While Government is seeking a complete ban on smoking in public and workplaces, it wants to make sure that private residences are not captured in the Tobacco bill which has penalties ranging from a $10,000 fine to $500,000 fine and imprisonment.
Government has therefore amended the definition of workplace to specify it only includes homes ’where such residences or vehicles are also used for commercial purposes’.
Speaking in the Tobacco bill in the Senate yesterday, Health Minister Jerry Narace stated: ’This amendment is to ensure that the definition of workplace does not capture domestic workers, as our policy is not to make private residents subject to this Bill, other than when such residences are used for commercial purposes’.
The original clause had provoked criticism that it would have allowed a domestic worker to report an employer for smoking in front of her, earning the employer both a fine and a jail term.
Under the bill there would be a complete ban on smoking in public transportation terminals, workplaces, retail establishments, including bars, restaurants and shopping malls, clubs, cinemas, concert halls, sports facilities, pool and bingo halls, publicly owned facilities rented out for events; and any other facilities that are accessible to the public.
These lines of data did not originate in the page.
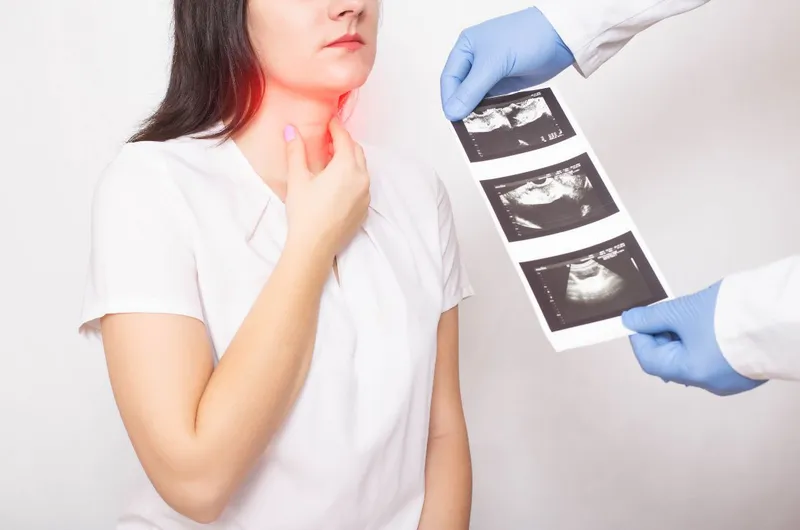 Bướu giáp là gì và cách chữa trị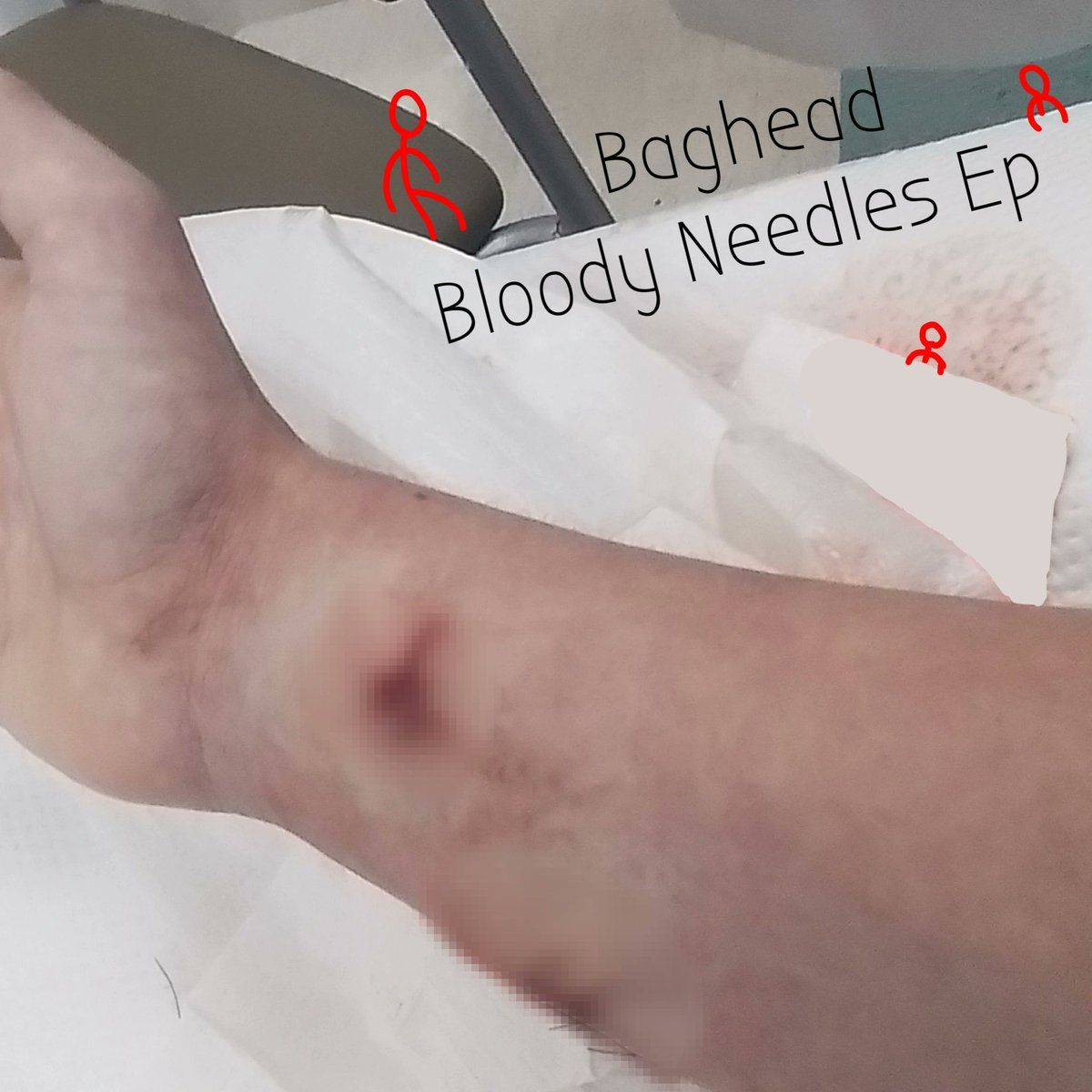 Baghead. Bloody Needles Zip Download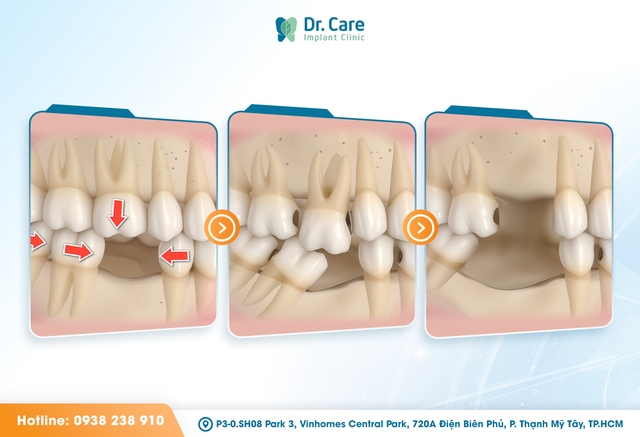 Có nên trồng răng số 6 (răng cấm) khi mất răng, chi phí có đáng với chất lượng?- Ảnh 1.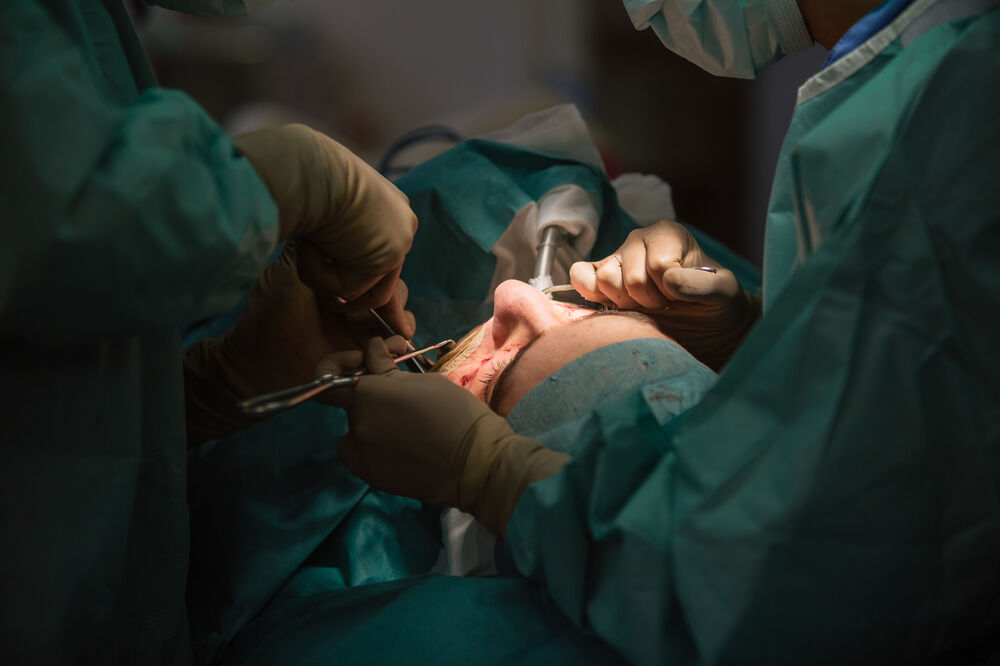 Hirurg, operacija, Foto: Shutterstock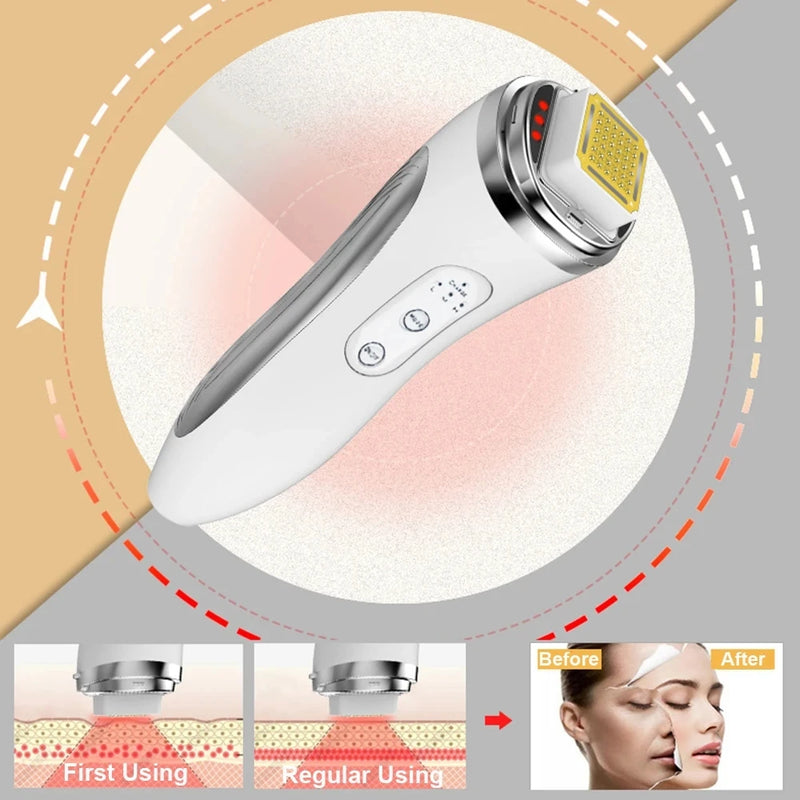 Electric Facial Lifting Machine – Skin Tightening & Wrinkle Removal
The bill also prohibits any person from smoking within 15 metres of any place that caters primarily to children, such as schools, children’s playgrounds and amusement parks.
The bill also prohibits the publicising of the name of a sponsoring entity where tobacco sponsorships, tobacco advertising and promotion are present. ’As such, tobacco companies are permitted to sponsor events but they cannot take any overt credit for such sponsorship,’ Narace said.
Narace said that under the bill authorised officers shall have the power to carry out inspections and investigations and examine, open, test any equipment, tools, materials, packages or anything the authorised officer reasonably believes is used or is capable of being used for the manufacture, advertising or promotion of tobacco products.
He said customs and police officers shall have the power to enter the premises of any business place where tobacco is manufactured, sold, transported, received, distributed, supplied or otherwise found or is likely to be found, for the purposes of enforcing this Act.
Narace said the bill was necessary to prevent the many deaths which occur as a result of smoking. He said tobacco use is a high risk habit as it kills approximately 50 per cent of all those who use it. He said research done in 2002 by world renowned epidemiologist Sir George Alleyne in Trinidad and Tobago suggested that the cigarette habit was directly responsible for approximately 30 per cent of all male and 15 per cent of all female medical deaths. ’Research shows that cardiovascular disease as a result of smoking contributes to approximately 52.9 per cent of medical death rates in men and 49.4 per cent in women in Trinidad and Tobago,’ he said.
He said despite these statistics, the sale of cigarettes had been on the increase, notwithstanding the fact that increases in taxes were imposed intermittently.
Narace said a 2008 study undertaken by the National Alcohol and Drug Abuse Prevention Programme Secretariat and the Ministry of Social Development at Secondary Schools in Trinidad and Tobago showed among other things that more than one quarter of all students reported having tried cigarettes and the mean age of first cigarette use overall was 11.9 years and the median age 12 years.
He said the Tobacco bill, which requires a special majority, seeks to prevent tobacco use by children, regulate tobacco use by individuals, enhance public awareness of the hazards, protect individuals from exposure to tobacco smoke, prohibit and restrict tobacco promotional practices and prevent smuggling of tobacco.